Citation needed. I'm pretty sure all Chromebooks have a TPM and it's a firm requirement for making one. ChromeOS uses the TPM extensively and fully supports remote attestation:
https://www.chromium.org/developers/design-documents/tpm-usa...
TPMs have been a requirement on PCs since at least 2016 I think, and in reality most came with them before that too (but there's a v1 vs v2 difference).
> a 1.X version of the TPM. In theory it performs just as well as TPM 2.X but they will not be supported because, again, I will not be able to use my own keys.

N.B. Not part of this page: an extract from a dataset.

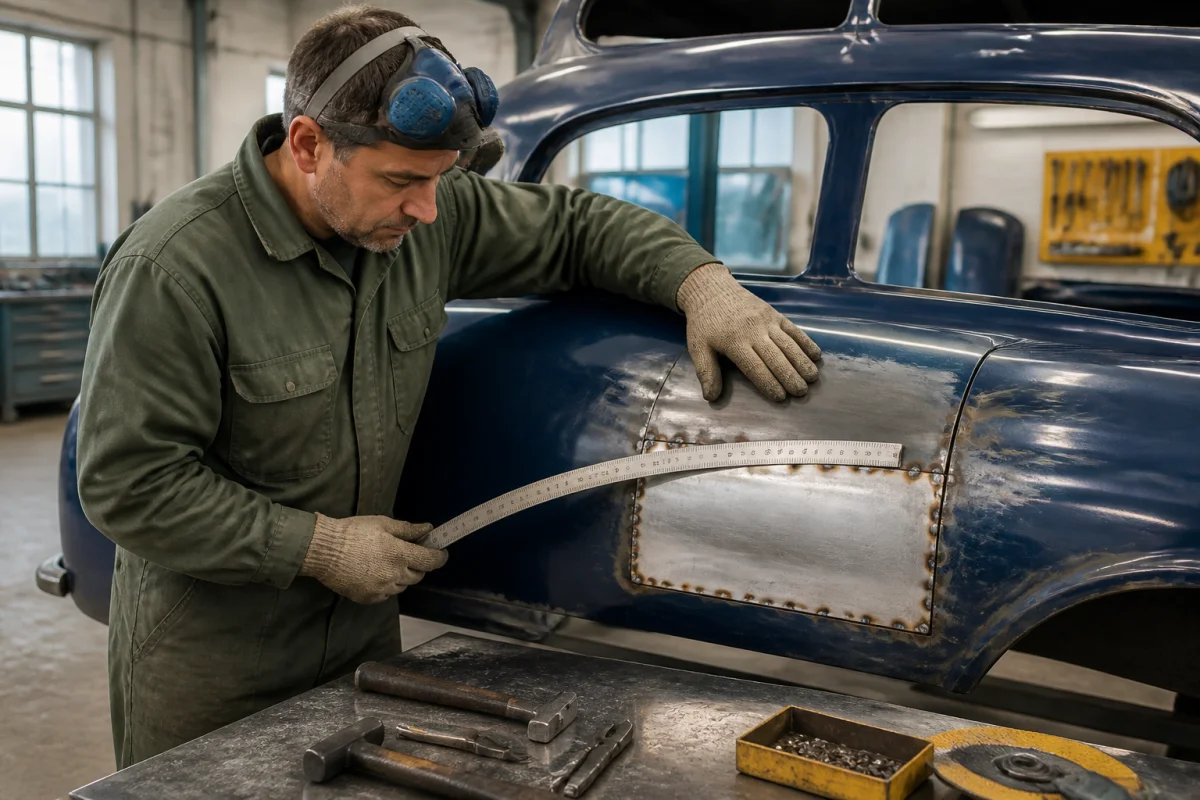 Rénover une carrosserie ancienne avec bosse redressée et tôle corrodée remplacée par soudure dans un atelier professionnel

This is all wrong. TPM 1.2 uses SHA1 for everything which is a broken hash function so there is a major difference in robustness between them. That's why TPM 1.2 is being phased out. It has nothing to do with "using your own keys" which is out of the domain of what TPMs do anyway, TPMs are always owned by the device user. You're thinking of firmware boot signing and other things that are separate to the TPM chip but even there, you can use your own signing keys.
This choice will still render a ton of devices basically e-waste for no real good reason
> No reason
Using broken encryption is quite a decent reason.
It is considered broken because there is a faster way than simple brute force to create a collision. The currently know approach is still computationally expensive.
It is correct to call it broken, but I don't see the implications for TMP at all. TPM is shitty tech in the first place in my opinion, but aside from that there is little practical relevance.